The StarTree Cloud Cluster Health Dashboard provides a real-time overview of your Apache Pinot cluster’s operational status. Designed to help you proactively identify and resolve potential issues, this dashboard displays the pass/fail status of various system checks, allowing you to quickly pinpoint performance bottlenecks or stability concerns.

By observing key health indicators and filtering checks based on specific instances or tables, you gain a holistic view of your cluster’s well-being, ensuring optimal data ingestion and query performance.
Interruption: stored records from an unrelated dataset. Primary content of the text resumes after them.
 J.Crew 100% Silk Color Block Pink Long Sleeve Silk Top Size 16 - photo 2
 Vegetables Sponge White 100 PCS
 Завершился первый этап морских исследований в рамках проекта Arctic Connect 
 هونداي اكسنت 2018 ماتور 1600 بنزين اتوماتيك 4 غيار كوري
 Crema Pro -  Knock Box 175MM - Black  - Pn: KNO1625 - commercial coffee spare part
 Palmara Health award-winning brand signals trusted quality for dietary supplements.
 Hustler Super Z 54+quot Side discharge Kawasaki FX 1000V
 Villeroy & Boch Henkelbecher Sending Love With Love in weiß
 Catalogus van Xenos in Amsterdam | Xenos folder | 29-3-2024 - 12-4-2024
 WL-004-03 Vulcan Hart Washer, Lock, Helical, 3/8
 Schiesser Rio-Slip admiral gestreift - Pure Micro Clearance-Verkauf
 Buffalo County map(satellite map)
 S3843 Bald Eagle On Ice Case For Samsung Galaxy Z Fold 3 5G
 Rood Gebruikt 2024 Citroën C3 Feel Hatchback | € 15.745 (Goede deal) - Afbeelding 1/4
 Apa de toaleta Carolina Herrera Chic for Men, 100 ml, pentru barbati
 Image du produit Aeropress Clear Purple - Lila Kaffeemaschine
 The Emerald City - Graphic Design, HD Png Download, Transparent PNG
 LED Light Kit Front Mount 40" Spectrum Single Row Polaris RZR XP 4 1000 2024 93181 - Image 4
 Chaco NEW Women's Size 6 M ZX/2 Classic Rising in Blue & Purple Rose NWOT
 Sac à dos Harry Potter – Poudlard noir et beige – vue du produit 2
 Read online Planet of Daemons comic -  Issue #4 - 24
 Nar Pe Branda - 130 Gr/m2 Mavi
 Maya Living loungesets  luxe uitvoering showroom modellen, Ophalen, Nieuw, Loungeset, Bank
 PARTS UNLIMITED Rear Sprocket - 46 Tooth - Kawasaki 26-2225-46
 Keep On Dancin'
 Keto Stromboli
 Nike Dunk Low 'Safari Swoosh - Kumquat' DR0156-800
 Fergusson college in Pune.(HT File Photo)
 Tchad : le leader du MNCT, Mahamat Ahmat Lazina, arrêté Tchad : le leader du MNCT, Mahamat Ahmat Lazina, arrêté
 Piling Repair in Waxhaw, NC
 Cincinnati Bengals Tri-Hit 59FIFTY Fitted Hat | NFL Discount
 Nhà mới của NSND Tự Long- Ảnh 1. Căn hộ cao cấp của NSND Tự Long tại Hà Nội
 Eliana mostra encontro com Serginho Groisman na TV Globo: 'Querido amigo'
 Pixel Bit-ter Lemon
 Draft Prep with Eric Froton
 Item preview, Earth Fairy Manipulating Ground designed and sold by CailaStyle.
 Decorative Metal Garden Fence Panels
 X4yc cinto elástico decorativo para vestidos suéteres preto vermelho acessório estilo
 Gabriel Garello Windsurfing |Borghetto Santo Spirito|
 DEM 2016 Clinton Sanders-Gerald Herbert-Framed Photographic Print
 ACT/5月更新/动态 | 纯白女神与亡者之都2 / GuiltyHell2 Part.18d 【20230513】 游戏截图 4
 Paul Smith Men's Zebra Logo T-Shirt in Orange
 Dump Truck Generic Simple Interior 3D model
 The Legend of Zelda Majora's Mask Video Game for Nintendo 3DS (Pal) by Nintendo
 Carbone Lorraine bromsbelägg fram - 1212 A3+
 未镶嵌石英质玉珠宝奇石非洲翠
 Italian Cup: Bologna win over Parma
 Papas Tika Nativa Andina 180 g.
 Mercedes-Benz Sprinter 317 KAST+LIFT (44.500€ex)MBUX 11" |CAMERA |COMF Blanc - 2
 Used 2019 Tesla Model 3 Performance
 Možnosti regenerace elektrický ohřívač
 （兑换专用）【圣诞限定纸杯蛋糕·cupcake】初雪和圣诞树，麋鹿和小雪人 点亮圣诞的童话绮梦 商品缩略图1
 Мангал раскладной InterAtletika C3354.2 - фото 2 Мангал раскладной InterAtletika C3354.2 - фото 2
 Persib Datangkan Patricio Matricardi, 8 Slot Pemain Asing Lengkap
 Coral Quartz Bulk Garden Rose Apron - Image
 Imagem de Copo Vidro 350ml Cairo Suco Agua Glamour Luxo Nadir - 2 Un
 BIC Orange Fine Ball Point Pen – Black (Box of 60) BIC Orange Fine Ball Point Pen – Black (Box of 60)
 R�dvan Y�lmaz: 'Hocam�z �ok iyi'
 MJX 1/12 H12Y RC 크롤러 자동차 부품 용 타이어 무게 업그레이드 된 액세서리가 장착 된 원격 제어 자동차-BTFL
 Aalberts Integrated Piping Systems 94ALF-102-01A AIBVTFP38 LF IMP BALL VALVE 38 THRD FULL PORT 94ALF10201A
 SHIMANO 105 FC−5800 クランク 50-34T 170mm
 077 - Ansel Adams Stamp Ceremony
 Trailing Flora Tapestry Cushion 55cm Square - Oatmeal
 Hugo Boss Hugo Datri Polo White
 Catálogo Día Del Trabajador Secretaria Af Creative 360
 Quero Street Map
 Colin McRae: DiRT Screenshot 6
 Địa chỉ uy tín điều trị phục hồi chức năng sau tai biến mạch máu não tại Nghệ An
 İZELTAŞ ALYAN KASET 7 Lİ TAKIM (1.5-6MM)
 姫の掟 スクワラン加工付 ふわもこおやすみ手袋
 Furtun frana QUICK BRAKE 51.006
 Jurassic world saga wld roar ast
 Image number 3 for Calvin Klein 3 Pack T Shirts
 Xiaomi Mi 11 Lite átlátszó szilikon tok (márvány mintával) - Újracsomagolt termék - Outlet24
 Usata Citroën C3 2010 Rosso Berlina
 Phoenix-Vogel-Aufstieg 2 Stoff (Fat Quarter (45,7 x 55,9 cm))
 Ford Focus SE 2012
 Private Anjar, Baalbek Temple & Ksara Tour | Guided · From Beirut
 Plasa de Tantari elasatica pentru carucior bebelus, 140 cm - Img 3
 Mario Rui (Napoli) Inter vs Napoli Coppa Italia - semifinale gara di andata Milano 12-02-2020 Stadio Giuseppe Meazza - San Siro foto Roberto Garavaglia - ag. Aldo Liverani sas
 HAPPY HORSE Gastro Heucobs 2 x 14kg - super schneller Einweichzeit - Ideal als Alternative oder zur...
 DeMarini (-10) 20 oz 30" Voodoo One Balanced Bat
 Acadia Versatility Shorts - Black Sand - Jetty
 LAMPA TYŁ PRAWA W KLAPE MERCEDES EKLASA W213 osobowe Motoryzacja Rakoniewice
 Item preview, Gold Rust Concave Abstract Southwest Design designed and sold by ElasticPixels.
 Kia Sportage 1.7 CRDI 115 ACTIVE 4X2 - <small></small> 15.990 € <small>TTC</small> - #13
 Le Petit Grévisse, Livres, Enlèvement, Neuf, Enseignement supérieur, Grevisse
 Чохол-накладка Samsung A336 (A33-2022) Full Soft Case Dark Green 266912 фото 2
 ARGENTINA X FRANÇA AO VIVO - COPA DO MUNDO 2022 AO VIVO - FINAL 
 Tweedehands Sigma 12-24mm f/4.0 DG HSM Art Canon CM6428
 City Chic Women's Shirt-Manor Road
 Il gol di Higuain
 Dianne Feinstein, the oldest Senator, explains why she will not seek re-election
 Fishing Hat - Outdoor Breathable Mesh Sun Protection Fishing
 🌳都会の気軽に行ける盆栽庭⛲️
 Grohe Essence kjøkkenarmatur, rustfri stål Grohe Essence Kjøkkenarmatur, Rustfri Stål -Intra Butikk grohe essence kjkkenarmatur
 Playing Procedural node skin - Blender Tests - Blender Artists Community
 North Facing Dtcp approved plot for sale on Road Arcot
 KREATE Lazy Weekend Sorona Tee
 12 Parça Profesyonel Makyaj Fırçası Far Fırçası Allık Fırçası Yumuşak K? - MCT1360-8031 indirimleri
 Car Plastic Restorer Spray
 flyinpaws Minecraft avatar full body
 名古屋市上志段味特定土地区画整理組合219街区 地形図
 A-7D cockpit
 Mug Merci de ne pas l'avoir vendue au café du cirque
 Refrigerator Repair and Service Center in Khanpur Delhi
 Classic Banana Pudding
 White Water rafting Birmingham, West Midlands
Key Features of the Cluster Health Dashboard

  • Comprehensive Health Checks: Monitors essential components and operations of your Pinot cluster, including Zookeeper connectivity, controller health, segment availability, and more.
  • Clear Pass/Fail Status: Quickly identify issues with intuitive status indicators for each check.
  • Granular Filtering: Drill down into specific health concerns by filtering checks based on individual instances or particular tables.
  • Detailed Insights: Access additional context and error messages for failed checks to aid in troubleshooting.

Accessing the Cluster Health Dashboard

Follow these steps to view your cluster’s health in the StarTree Cloud UI:

  1. Log in to the StarTree Cloud Data Portal.
  2. Click the Cluster Health link in the left navigation menu.

A dashboard will appear, displaying a comprehensive list of health checks. For each check, you’ll see:

  • Its descriptive name.
  • A clear PASS or FAIL status indicator.
  • Additional details which may include specific error messages, affected instances, or relevant metrics to help you understand the issue.

How Cluster Health Checks Work

The cluster health checks are executed by the ClusterHealthCheckTask, which runs periodically every 20 minutes by default. The results of these checks are cached in memory and overwritten with each new run, ensuring you always see the latest health status.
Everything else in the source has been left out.